At six o'clock two things have happened. Lafayette's Aide-de-camp, Romoeuf, riding a franc etrier, on that old Herb-merchant's route, quickened during the last stages, has got to Varennes; where the Ten thousand now furiously demand, with fury of panic terror, that Royalty shall forthwith return Paris-ward, that there be not infinite bloodshed. Also, on the other side, 'English Tom,' Choiseul's jokei, flying with that Choiseul relay, has met Bouille on the heights of Dun; the adamantine brow flushed with dark thunder; thunderous rattle of Royal Allemand at his heels. English Tom answers as he can the brief question, How it is at Varennes?--then asks in turn what he, English Tom, with M. de Choiseul's horses, is to do, and whither to ride?--To the Bottomless Pool! answers a thunder-voice; then again speaking and spurring, orders Royal Allemand to the gallop; and vanishes, swearing (en jurant). (Declaration du Sieur Thomas (in Choiseul, p. 188).) 'Tis the last of our brave Bouille. Within sight of Varennes, he having drawn bridle, calls a council of officers; finds that it is in vain. King Louis has departed, consenting: amid the clangour of universal stormbell; amid the tramp of Ten thousand armed men, already arrived; and say, of Sixty thousand flocking thither. Brave Deslons, even without 'orders,' darted at the River Aire with his Hundred! (Weber, ii. 386.) swam one branch of it, could not the other; and stood there, dripping and panting, with inflated nostril; the Ten thousand answering him with a shout of mockery, the new Berline lumbering Paris-ward its weary inevitable way. No help, then in Earth; nor in an age, not of miracles, in Heaven!
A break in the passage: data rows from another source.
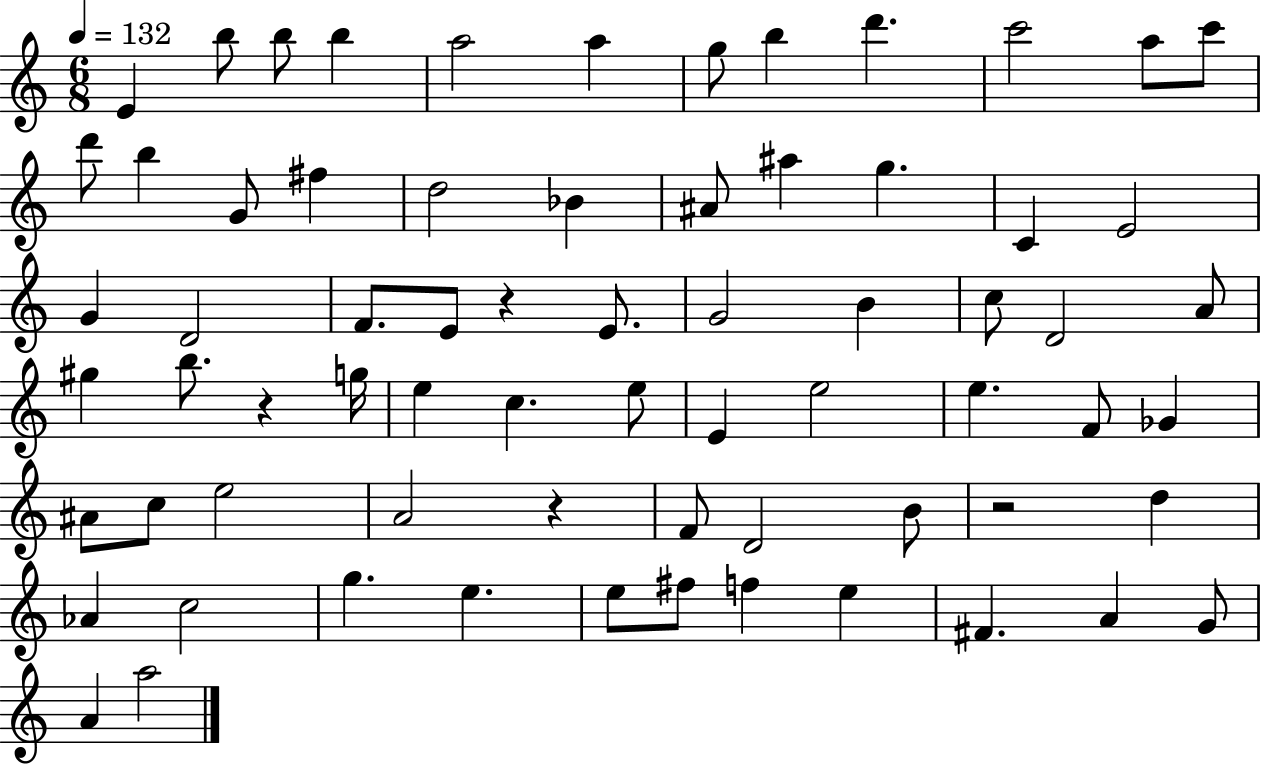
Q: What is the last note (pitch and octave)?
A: A5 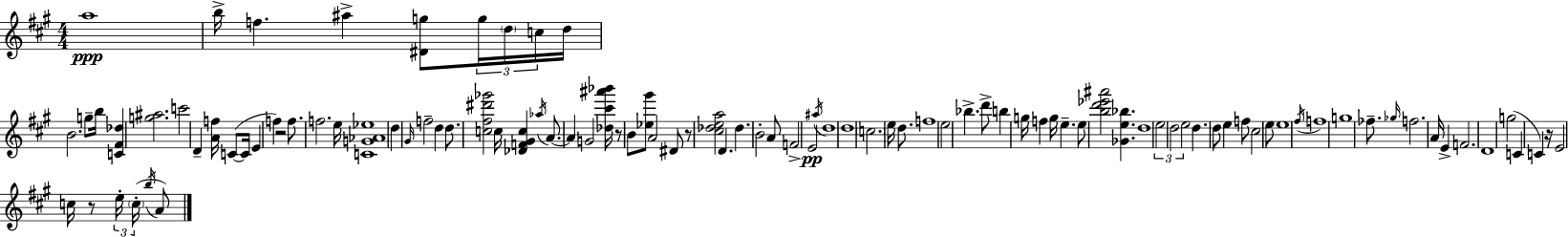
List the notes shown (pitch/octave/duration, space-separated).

A5/w B5/s F5/q. A#5/q [D#4,G5]/e G5/s D5/s C5/s D5/s B4/h. G5/e B5/s [C4,F#4,Db5]/q [G5,A#5]/h. C6/h D4/q [A4,F5]/s C4/e C4/s E4/q F5/q R/h F5/e. F5/h. E5/s [C4,G4,Ab4,Eb5]/w D5/q G#4/s F5/h D5/q D5/e. [C5,F#5,D#6,Gb6]/h C5/s [Db4,F4,G#4,C5]/q Ab5/s A4/e. A4/q G4/h [Db5,C#6,A#6,Bb6]/s R/e B4/e [Eb5,G#6]/e A4/h D#4/e R/e [C#5,Db5,E5,A5]/h D4/q. Db5/q. B4/h A4/e F4/h E4/h A#5/s D5/w D5/w C5/h. E5/s D5/e. F5/w E5/h Bb5/q. D6/e B5/q G5/s F5/q G5/s E5/q. E5/e [B5,D6,Eb6,A#6]/h [Gb4,E5,Bb5]/q. D5/w E5/h D5/h E5/h D5/q. D5/e E5/q F5/e C#5/h E5/e E5/w F#5/s F5/w G5/w FES5/e. Gb5/s F5/h. A4/s E4/q F4/h. D4/w G5/h C4/q C4/q R/s E4/h C5/s R/e E5/s C5/s B5/s A4/e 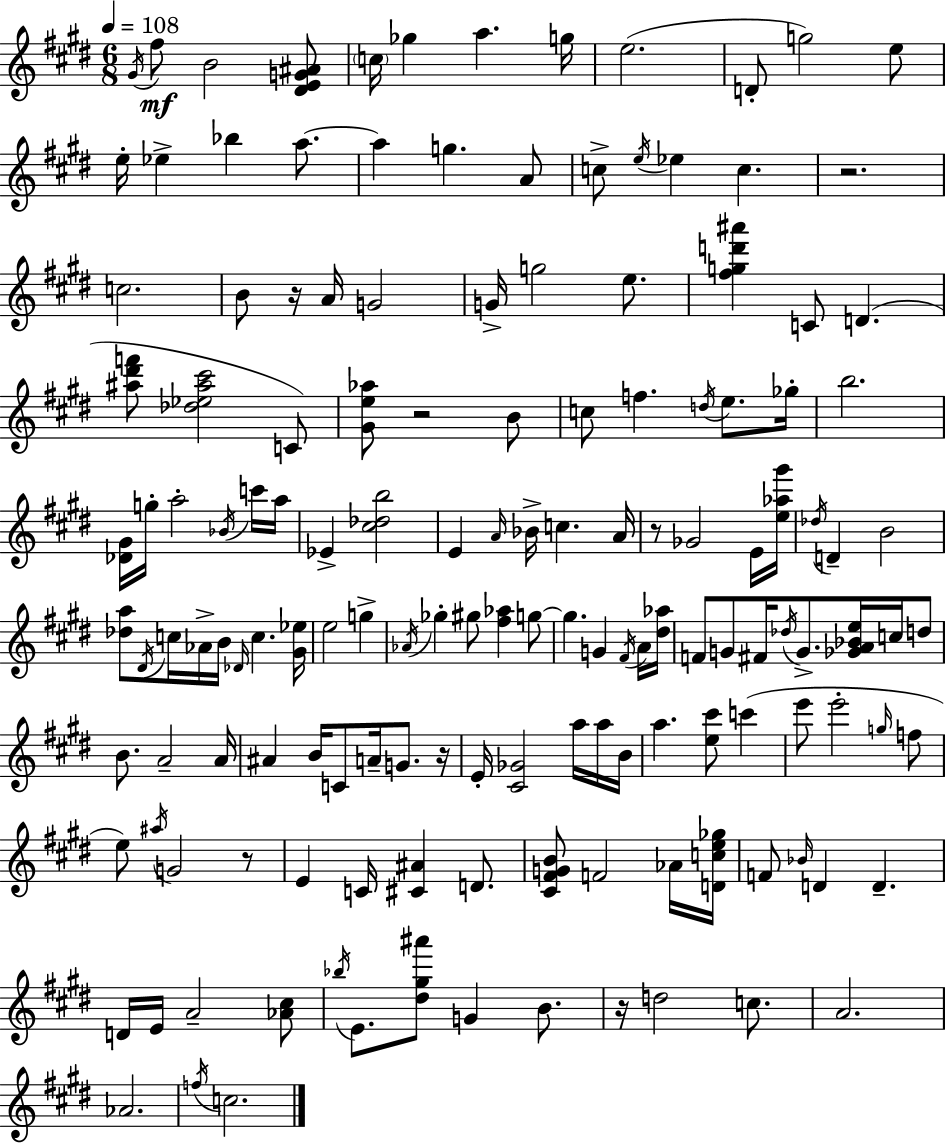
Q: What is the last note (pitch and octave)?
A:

That night, 'Marquis de Bouille and twenty-one more of us rode over the Frontiers; the Bernardine monks at Orval in Luxemburg gave us supper and lodging.' (Aubriot, ut supra, p. 158.) With little of speech, Bouille rides; with thoughts that do not brook speech. Northward, towards uncertainty, and the Cimmerian Night: towards West-Indian Isles, for with thin Emigrant delirium the son of the whirlwind cannot act; towards England, towards premature Stoical death; not towards France any more. Honour to the Brave; who, be it in this quarrel or in that, is a substance and articulate-speaking piece of Human Valour, not a fanfaronading hollow Spectrum and squeaking and gibbering Shadow! One of the few Royalist Chief-actors this Bouille, of whom so much can be said.
The brave Bouille too, then, vanishes from the tissue of our Story. Story and tissue, faint ineffectual Emblem of that grand Miraculous Tissue, and Living Tapestry named French Revolution, which did weave itself then in very fact, 'on the loud-sounding 'Loom of Time!' The old Brave drop out from it, with their strivings; and new acrid Drouets, of new strivings and colour, come in:--as is the manner of that weaving.